# Problem to work on
Every line below must come back exactly as it stands, with the images omitted.

[[ Data block, beginning ]]

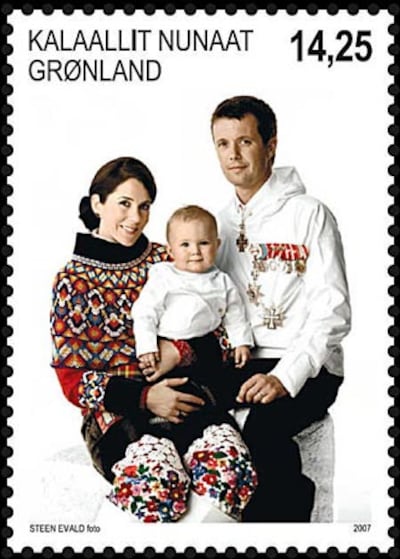 La princesa Mary, el príncipe Federico, y su hijo Christian se visten con el traje típico de Groenlandia para un nuevo sello de correos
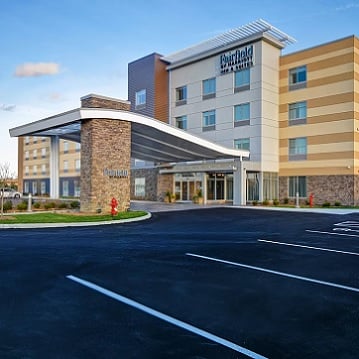 FAIRFIELD INN & SUITES BY MARRIOTT PLYMOUTH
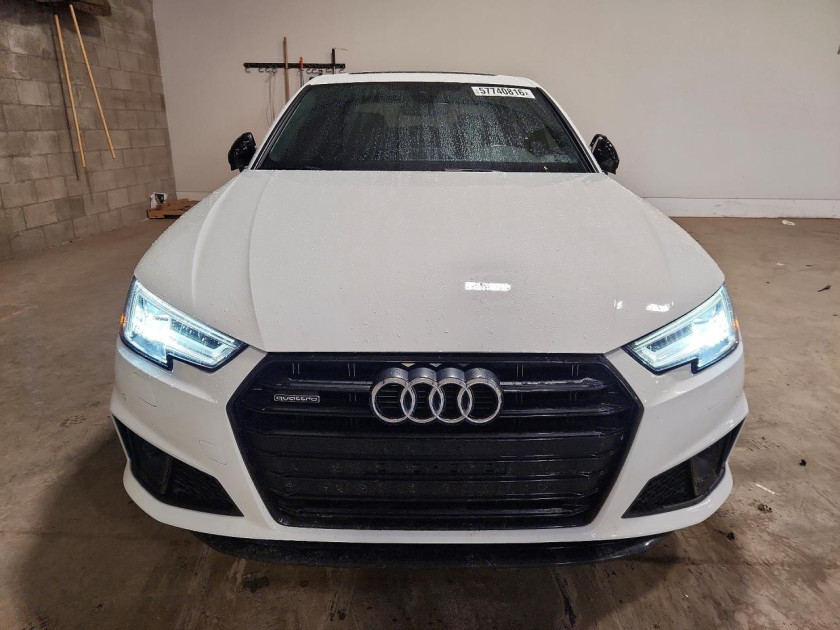 Audi A4, Premium Plus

[[ Data block, end ]]

# Output of the exercise
 La princesa Mary, el príncipe Federico, y su hijo Christian se visten con el traje típico de Groenlandia para un nuevo sello de correos
 FAIRFIELD INN & SUITES BY MARRIOTT PLYMOUTH
 Audi A4, Premium Plus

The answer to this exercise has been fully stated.